I do want to be a director and a screenwriter and an author. I also want to be fluent in German and Russian and to be able to do yoga poses based on hand-stands. I want to win things, and go places, and be consistently inspired to create. I want to nurture this glorious love I have been given, be the best mother I can be someday, and wear pencil skirts and heels to buy groceries like a rockstar corporate queen. I want to reach some blinding plateau of being that melds self-awareness with self-expression. I want to become a Diamond level Zerg player of Starcraft II, and also a master chef. And learn to sew spandex. I hear that’s hard.
But these things are things that I want, and what I want isn’t good enough. What I want is not what I need, not what drives me and what has driven me for the past 12 years, through the fiery hells of puberty and high school, through college, and all the way across the ocean. What has driven me this far, and what I almost lost sight of, was the first time I really felt awe, deep in my bones. The desperate need to share that awe. And the only medium I have found to be worthy and capable of transporting that awe – dragons.
So I took this little Japanese man the Boyfriend gave me before we stared dating, and I colored in his right eye.

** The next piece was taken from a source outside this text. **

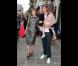 Milla Jovovich : Modeuse passionnée avec son homme et sa fille pour Gaultier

Boyfriend tells me he was blessed in a temple, and he will stare at me every day missing his left eye until I succeed in my goal. Then I’ll draw in the other eye. I will sit down at the premiere of my long-awaited dragon movie, be it five or fifteen years from now, and after the credits have rolled I will pull this little Japanese man from my purse and color in his other eye. Boyfriend also tells me that the way I drew in his eye makes him look insane and a bit like an axe murderer. Good. It will take an axe murderer chasing me to keep me running up this mountain, every day, until the job is done.
And that is why I started this blog. It’s going to be a long, long journey. It already has been. But I have a Bachelor’s degree in film and Dragonflight has been stuck in development on IMDb for seven years, so things aren’t as bad as they could be. I’m 22 years old and I am rededicated and just as tenacious as I was as an 8 year-old.
The idea has been formed. The idea is good. Now: DO.